PROBLEM
Your answer should be every line of the records that contains the word "Women".
==============================
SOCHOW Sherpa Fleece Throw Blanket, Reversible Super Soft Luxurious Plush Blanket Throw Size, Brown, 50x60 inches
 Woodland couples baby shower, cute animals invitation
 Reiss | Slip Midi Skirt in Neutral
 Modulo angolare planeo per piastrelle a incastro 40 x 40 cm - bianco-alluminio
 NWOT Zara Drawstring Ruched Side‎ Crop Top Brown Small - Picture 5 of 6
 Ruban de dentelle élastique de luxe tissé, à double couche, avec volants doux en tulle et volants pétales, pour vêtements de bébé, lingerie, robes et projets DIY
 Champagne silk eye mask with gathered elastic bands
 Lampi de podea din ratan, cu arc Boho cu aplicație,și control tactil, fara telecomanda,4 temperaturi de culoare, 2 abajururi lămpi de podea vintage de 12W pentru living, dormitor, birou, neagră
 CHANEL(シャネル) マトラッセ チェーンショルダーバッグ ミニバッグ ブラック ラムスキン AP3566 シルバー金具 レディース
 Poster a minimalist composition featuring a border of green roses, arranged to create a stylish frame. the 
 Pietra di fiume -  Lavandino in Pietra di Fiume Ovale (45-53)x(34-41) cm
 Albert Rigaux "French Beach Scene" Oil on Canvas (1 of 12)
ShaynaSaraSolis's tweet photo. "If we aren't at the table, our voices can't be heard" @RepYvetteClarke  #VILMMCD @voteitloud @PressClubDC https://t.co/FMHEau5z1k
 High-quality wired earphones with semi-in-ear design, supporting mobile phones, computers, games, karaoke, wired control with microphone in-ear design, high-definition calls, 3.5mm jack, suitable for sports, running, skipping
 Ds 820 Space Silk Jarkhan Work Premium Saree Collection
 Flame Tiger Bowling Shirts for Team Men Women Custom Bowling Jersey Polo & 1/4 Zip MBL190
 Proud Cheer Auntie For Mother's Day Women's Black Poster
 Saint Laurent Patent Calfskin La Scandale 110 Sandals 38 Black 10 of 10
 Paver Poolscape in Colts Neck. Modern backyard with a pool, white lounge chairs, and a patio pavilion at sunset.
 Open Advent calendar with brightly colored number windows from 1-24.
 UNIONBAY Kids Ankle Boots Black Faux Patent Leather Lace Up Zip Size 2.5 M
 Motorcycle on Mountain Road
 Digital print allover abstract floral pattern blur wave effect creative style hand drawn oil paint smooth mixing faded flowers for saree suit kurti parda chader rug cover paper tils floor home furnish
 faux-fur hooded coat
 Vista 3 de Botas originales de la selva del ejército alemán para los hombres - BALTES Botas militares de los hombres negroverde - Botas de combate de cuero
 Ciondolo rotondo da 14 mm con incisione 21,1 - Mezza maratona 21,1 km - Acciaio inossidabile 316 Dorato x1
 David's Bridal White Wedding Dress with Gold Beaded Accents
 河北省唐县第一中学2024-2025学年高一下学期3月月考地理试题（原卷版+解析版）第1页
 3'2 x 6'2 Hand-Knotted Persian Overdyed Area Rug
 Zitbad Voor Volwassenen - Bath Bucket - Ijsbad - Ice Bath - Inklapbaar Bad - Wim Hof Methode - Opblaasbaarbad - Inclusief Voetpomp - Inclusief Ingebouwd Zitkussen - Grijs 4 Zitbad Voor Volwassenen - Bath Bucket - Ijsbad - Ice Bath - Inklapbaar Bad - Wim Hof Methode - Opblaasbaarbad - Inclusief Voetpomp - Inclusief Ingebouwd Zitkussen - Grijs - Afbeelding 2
==============================
SOLUTION FOR THIS TASK
 Flame Tiger Bowling Shirts for Team Men Women Custom Bowling Jersey Polo & 1/4 Zip MBL190
 Proud Cheer Auntie For Mother's Day Women's Black Poster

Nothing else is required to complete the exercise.